=== Activity ===
Exactly as they appear, write the lines from the one containing "Juskys Polsterbett Salerno" to the final line of the entries, leaving pictures out.

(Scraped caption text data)
···

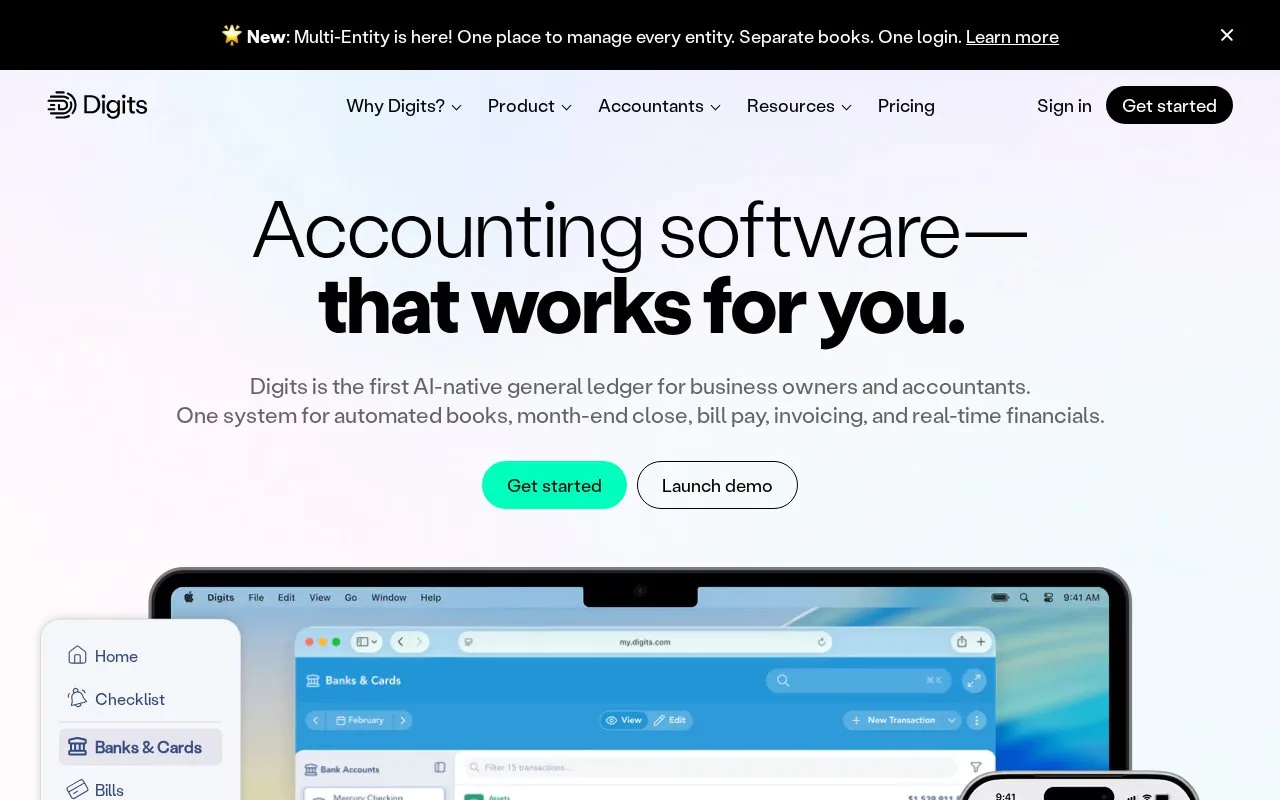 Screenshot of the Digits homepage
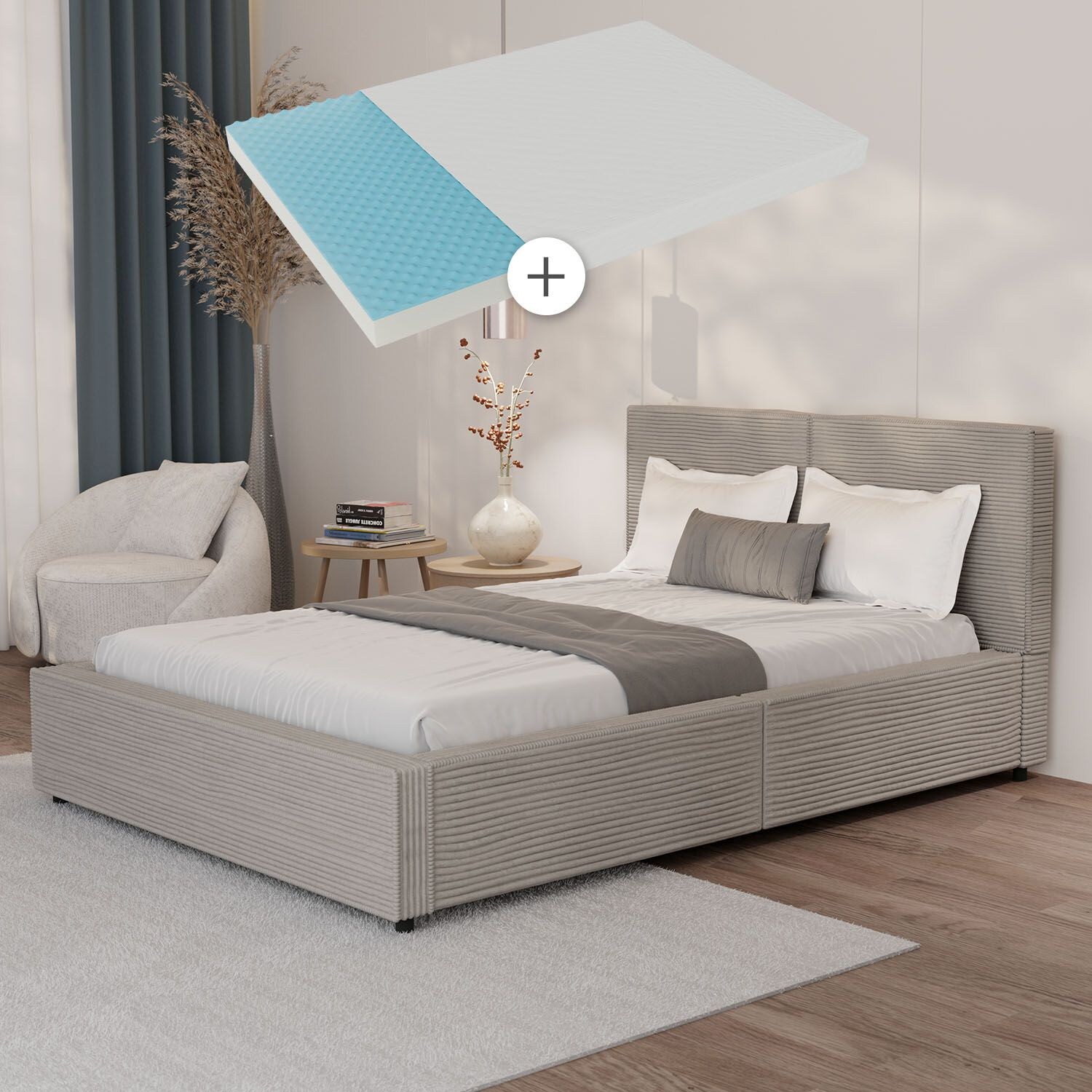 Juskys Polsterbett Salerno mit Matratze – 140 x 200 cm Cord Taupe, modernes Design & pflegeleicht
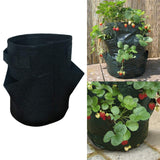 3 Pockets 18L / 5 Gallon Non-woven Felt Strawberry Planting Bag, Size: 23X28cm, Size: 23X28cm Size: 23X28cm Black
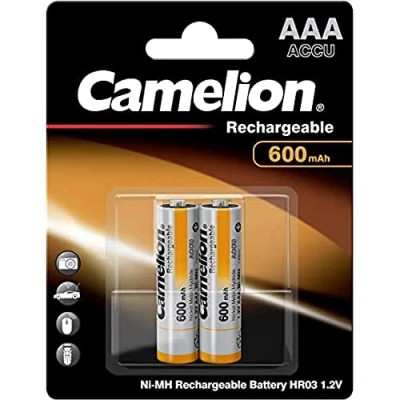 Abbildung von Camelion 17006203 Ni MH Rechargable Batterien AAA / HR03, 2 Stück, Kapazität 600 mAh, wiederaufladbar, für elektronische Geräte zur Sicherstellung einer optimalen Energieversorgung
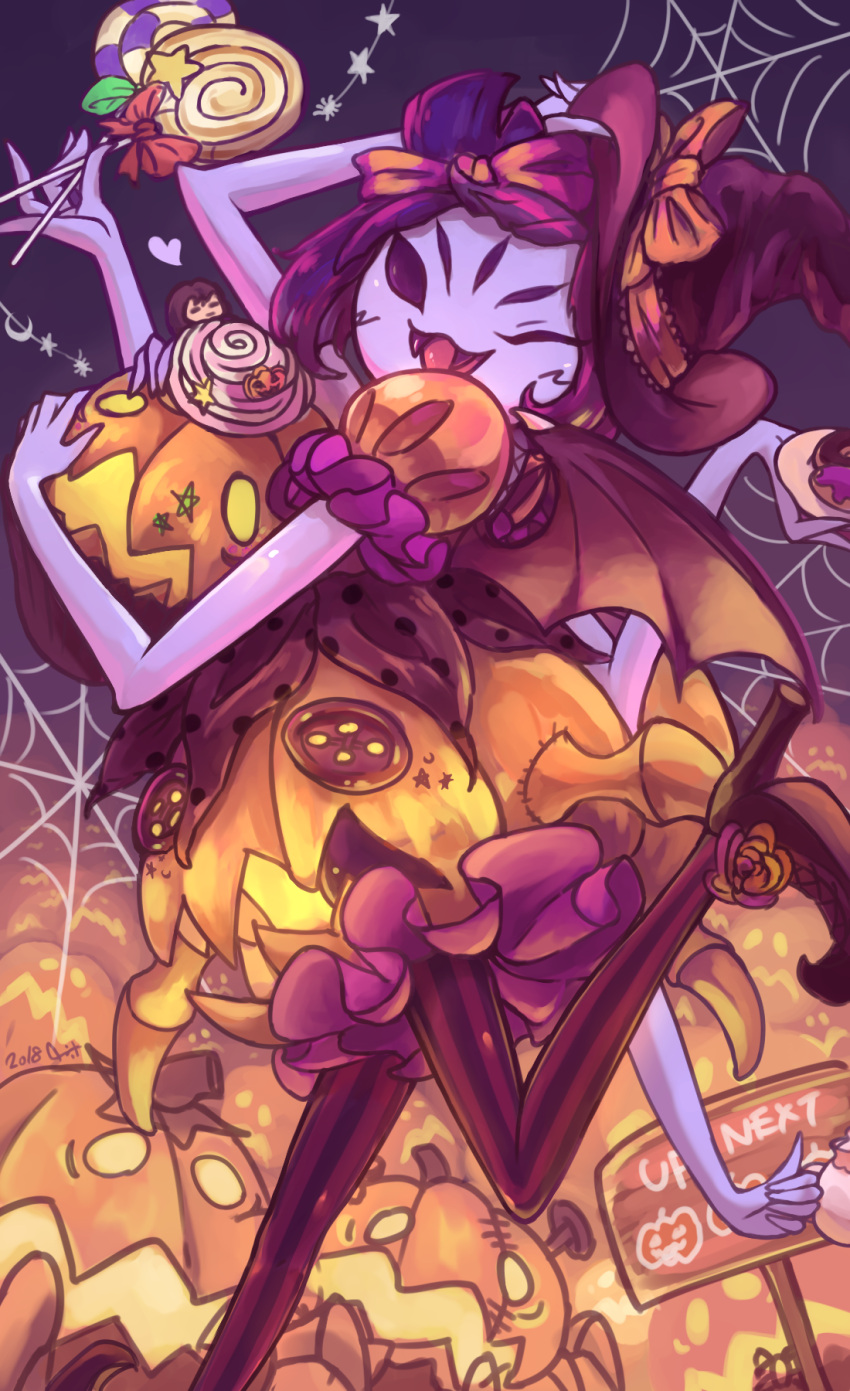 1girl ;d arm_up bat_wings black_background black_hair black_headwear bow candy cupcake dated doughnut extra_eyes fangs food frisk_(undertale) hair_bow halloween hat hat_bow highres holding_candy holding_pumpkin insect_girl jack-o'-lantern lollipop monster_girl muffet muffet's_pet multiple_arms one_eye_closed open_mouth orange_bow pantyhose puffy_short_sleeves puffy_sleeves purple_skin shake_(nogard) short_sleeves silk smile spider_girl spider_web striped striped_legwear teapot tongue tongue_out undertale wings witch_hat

···

=== The completed task ===
 Juskys Polsterbett Salerno mit Matratze – 140 x 200 cm Cord Taupe, modernes Design & pflegeleicht
 3 Pockets 18L / 5 Gallon Non-woven Felt Strawberry Planting Bag, Size: 23X28cm, Size: 23X28cm Size: 23X28cm Black
 Abbildung von Camelion 17006203 Ni MH Rechargable Batterien AAA / HR03, 2 Stück, Kapazität 600 mAh, wiederaufladbar, für elektronische Geräte zur Sicherstellung einer optimalen Energieversorgung
 1girl ;d arm_up bat_wings black_background black_hair black_headwear bow candy cupcake dated doughnut extra_eyes fangs food frisk_(undertale) hair_bow halloween hat hat_bow highres holding_candy holding_pumpkin insect_girl jack-o'-lantern lollipop monster_girl muffet muffet's_pet multiple_arms one_eye_closed open_mouth orange_bow pantyhose puffy_short_sleeves puffy_sleeves purple_skin shake_(nogard) short_sleeves silk smile spider_girl spider_web striped striped_legwear teapot tongue tongue_out undertale wings witch_hat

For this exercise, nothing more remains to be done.